In a review for the Objectivist magazine Full Context, Chris Matthew Sciabarra says that Walker has some "valuable insights" and "theoretical points [that] need to be grappled with", but his book "ultimately disappoints" because Walker "exhibits the characteristics of a tabloid journalist" and engages in "endless tirades, strung together in a rather disorganized fashion, amounting to a series of vitriolic ad hominems directed toward most of the major figures in Objectivism." [4]


  1. ^ Gladstein 1999, pp. 111–112. Gladstein cites articles titled "The Curious Cult of Ayn Rand," "The Cult of Ayn Rand," and "The Cult of Angry Ayn Rand," and comparisons of Rand to Joan of Arc and Aimee McPherson.
  2. ^ Ellis, Albert (1968). Is Objectivism A Religion?. New York: Lyle Stuart.

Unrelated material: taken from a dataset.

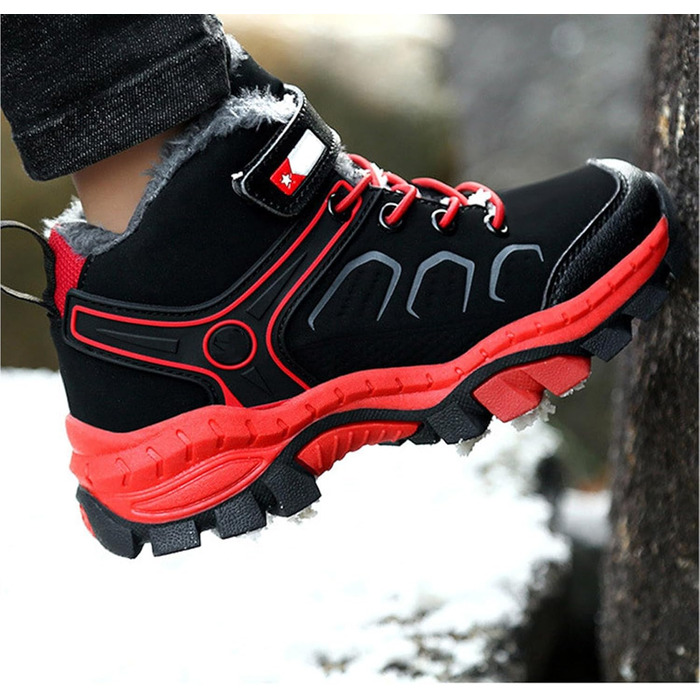 Зимові черевики для хлопчиків: теплі, зручні, водонепроникні, для сноубордингу та трекінгу (червоні, 36 EU)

  3. ^ Gladstein 1999, p. 95
  4. ^ a b Sciabarra, Chris Matthew (March–April 1999). "Books for Rand Studies". Full Context. 11 (4): 9–11. Retrieved November 8, 2013.
  5. ^ Walker 1999, pp. x–xi
  6. ^ "Kirkus Review: The Ayn Rand Cult". Kirkus Reviews. December 15, 1998. Retrieved November 8, 2013.
  7. ^ Fulford, Robert (January 23, 1999). "The Grim Mob whose Fountainhead Is Ayn Rand". Globe and Mail. Retrieved November 8, 2013.
  8. ^ Bradford, R.W. (February 1999). "Ayn Rant". Liberty. 13 (2): 51–53.
  9. ^ Cohen, David (December 7, 2001). "A Growing Concern". The Guardian. London. Retrieved November 8, 2013.
  10. ^ Greiner, Donna & Kinni, Theore B. (2001). Ayn Rand and Business. Texere. p.  184. ISBN  1587990725.